Managing slow-moving item: a zero-inflated truncated normal approach for modeling demand
Author(s) -
Fernando Rojas,
Peter Wänke,
Giuliani Coluccio,
Juan Vega-Vargas,
Gonzalo HuertaCánepa
Publication year - 2020
Publication title -
peerj computer science
Language(s) - English
Resource type - Journals
SCImago Journal Rank - 0.806
H-Index - 24
ISSN - 2376-5992
DOI - 10.7717/peerj-cs.298
Subject(s) - reorder point , exponential smoothing , lead time , truncated normal distribution , topsis , computer science , normal distribution , intermittency , service level , operations research , mathematical optimization , statistics , econometrics , mathematics , economic order quantity , operations management , supply chain , economics , turbulence , physics , political science , law , thermodynamics
This paper proposes a slow-moving management method for a system using of intermittent demand per unit time and lead time demand of items in service enterprise inventory models. Our method uses zero-inflated truncated normal statistical distribution, which makes it possible to model intermittent demand per unit time using mixed statistical distribution. We conducted numerical experiments based on an algorithm used to forecast intermittent demand over fixed lead time to show that our proposed distributions improved the performance of the continuous review inventory model with shortages. We evaluated multi-criteria elements (total cost, fill-rate, shortage of quantity per cycle, and the adequacy of the statistical distribution of the lead time demand) for decision analysis using the Technique for Order of Preference by Similarity to Ideal Solution (TOPSIS).
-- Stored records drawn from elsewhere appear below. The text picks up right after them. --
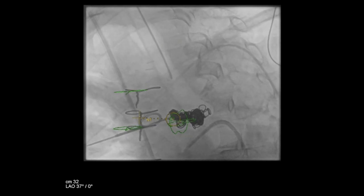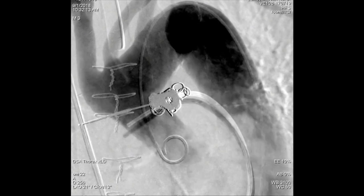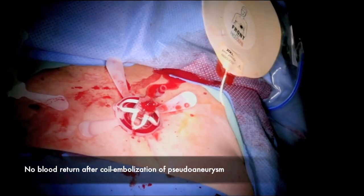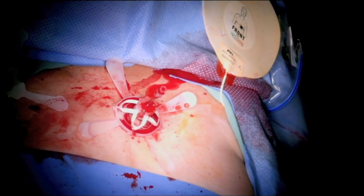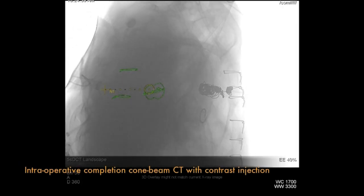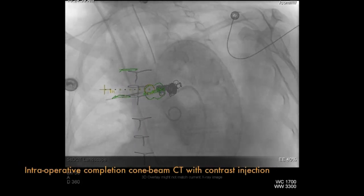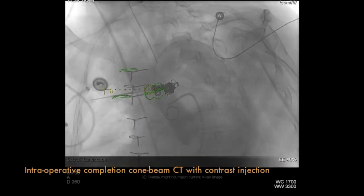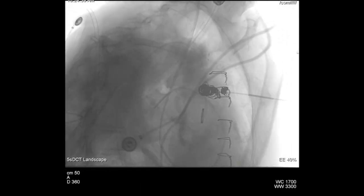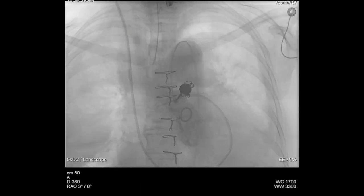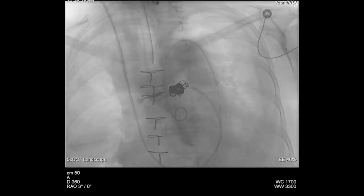At the completion of this, we performed an angiogram at 30 frames per second — there was no evidence of opacification of the pseudoaneurysm, and the previous bleeding from the needle was gone. We then did a cone beam CT, which showed we were in exactly the right location with the coil pack. At that point, we terminated the procedure.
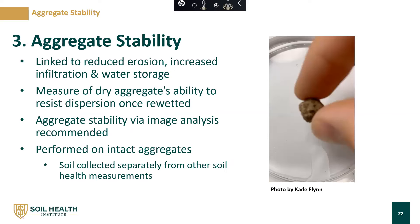The third and final measurement we'll cover today is aggregate stability. Aggregate stability is linked to reduced erosion, increased infiltration, and water storage. It's a measure of a dry aggregate's stability to resist dispersion once re-wetted. We recommend measuring aggregate stability via image analysis. We acknowledge that there are many aggregate stability tests out there, but we recommend this one via image analysis because it is correlated with traditional measures of aggregate stability and it doesn't require specialized equipment. It can pretty much be run using a smartphone camera, a few petri dishes, and a backlit tracing table.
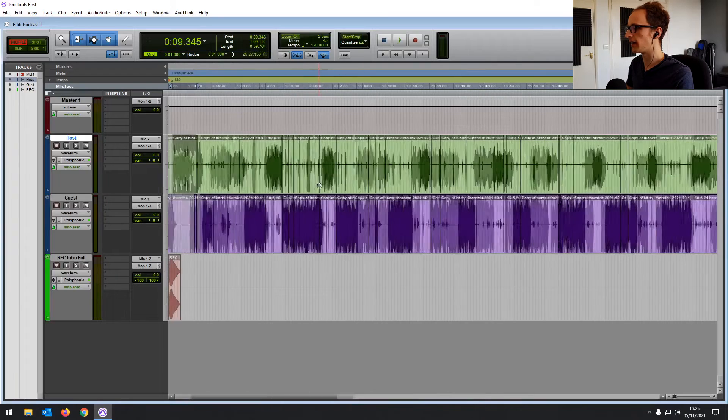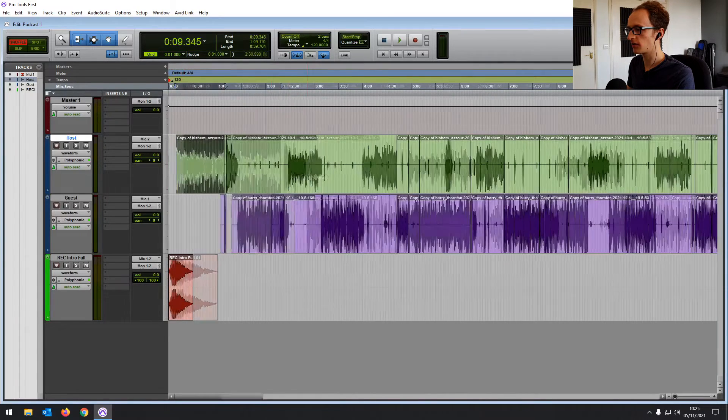So why should you use Pro Tools First over other DAWs? Well, firstly, it's free. There are a lot of free DAWs out there, but Pro Tools First is a very robust piece of software with a lot of features included. It's a great audio editor, and for a beginner engineer, singer-songwriter, or podcaster, it should have everything that you need.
We confirmed that our method improved the performance of the inventory model in comparison to other commonly used approaches such as simple exponential smoothing and Croston’s method. We found an interesting association between the intermittency of demand per unit of time, the square root of this same parameter and reorder point decisions, that could be explained using classical multiple linear regression model. We confirmed that the parameter of variability of the zero-inflated truncated normal statistical distribution used to model intermittent demand was positively related to the decision of reorder points. Our study examined a decision analysis using illustrative example. Our suggested approach is original, valuable, and, in the case of slow-moving item management for service companies, allows for the verification of decision-making using multiple criteria.